Thursday, February 25, 2016

The Journey Continues...

Transformation is a process, and as life happens there are tons of ups and downs. It's a journey of discovery - there are moments on mountaintops and moments in deep valleys of despair.- Rick Warren
For the past few months I have been contemplating how to relaunch myself back to the blog-writing world. I have been hitting the backspace button on my keyboard so many times that I think it’s broken. Time and time again I have sat, laid and stood around my house waiting for the right words to flow out of my mind. There were days in which I would just stare attentively for hours to an empty word document in hopes of inspiration.
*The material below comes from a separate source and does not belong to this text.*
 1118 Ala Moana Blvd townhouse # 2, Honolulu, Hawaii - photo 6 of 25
This long absence has made me realize that writing is a difficult task especially when one doesn’t practice it frequently like me who has been away from a classroom. I have also come to the realization that perhaps I’m no longer intrigued by writing; I believe that writing was never my passion but as a way to escape the cruel reality in where I could express my fantasies and my emotions. Writing use to be one of my favorite past times whenever I felt the need to express my thoughts and emotions but now I struggle to get a word out. I have been re-writing this post for months now and I think I finally got it.
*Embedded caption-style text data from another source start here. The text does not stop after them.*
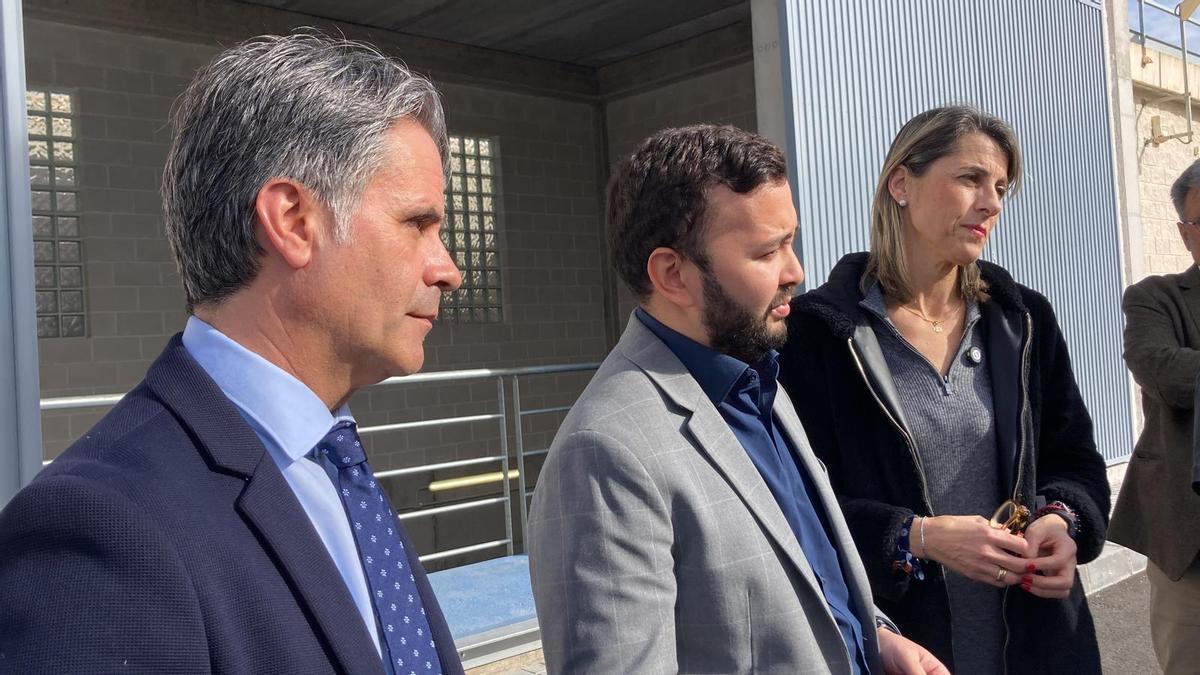 Juan Cascales (MCT), José Antonio Nieves, subdelegado del Gobierno, y alcaldesa de Crevillent, Lourdes Aznar, en la presentación de las infraestructuras en Crevillent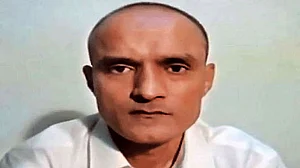 अंतरराष्ट्रीय कोर्ट में आज फिर आमने-सामने होंगे भारत-पाकिस्तान, कुलभूषण जाधव पर होगी सार्वजनिक सुनवाई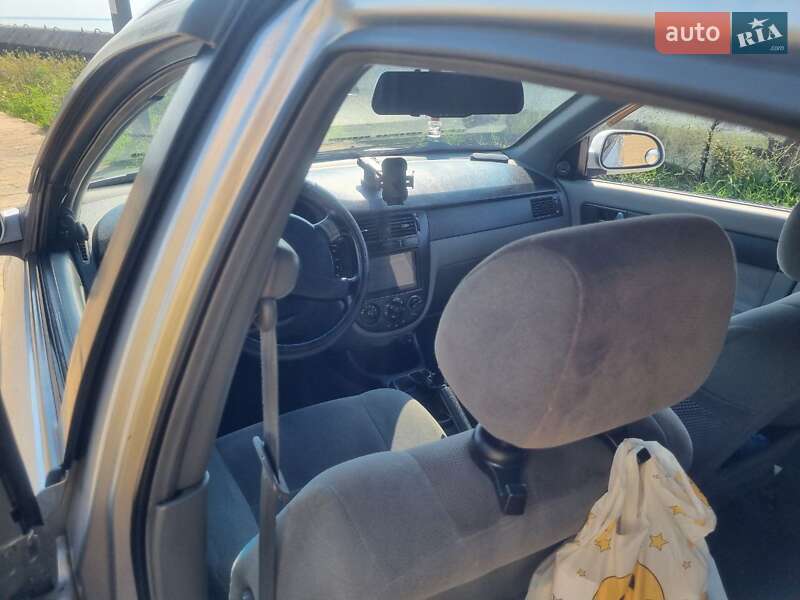 Седан Chevrolet Lacetti 2007 в Измаиле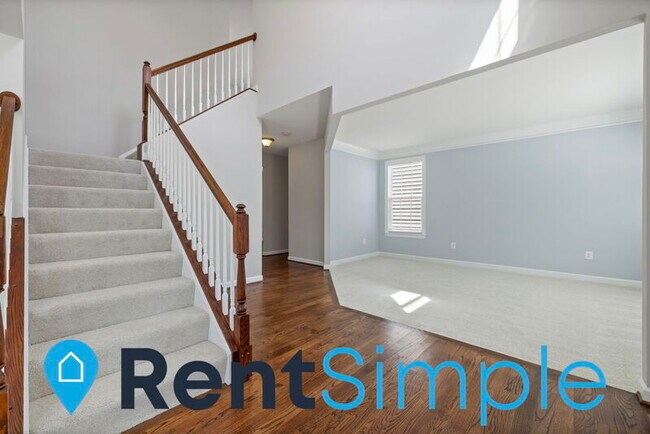 Building Photo - 25207 Barley Grass Sq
I have been on pause for quite some time now; not only in writing but in life. Ever since I left school back in 2013, I’ve been stuck in a profound hole that I cannot get myself out. You might say that I had post-college depression, it’s like when you go to an amazing concert of your favorite artist and the next day you get the feels and you get depressed. Well, that’s how I felt when I graduated from college; I had permitted the depression into my life which caused me to sink into this hole. Rather than investing in my future like many of my peers have done, I had let the negatively and self-doubt consume my soul and now I have not accomplished anything.

I need to reconnect to that young, fierce, proud Latina who I was once, who wanted to embrace her identity and culture to others and motivate the youth in my community. I cannot endure another minute of this state; little by little this hole has drain my motivation to follow my dreams. I know that part of me still remains in me, I need to shake everything off and find it.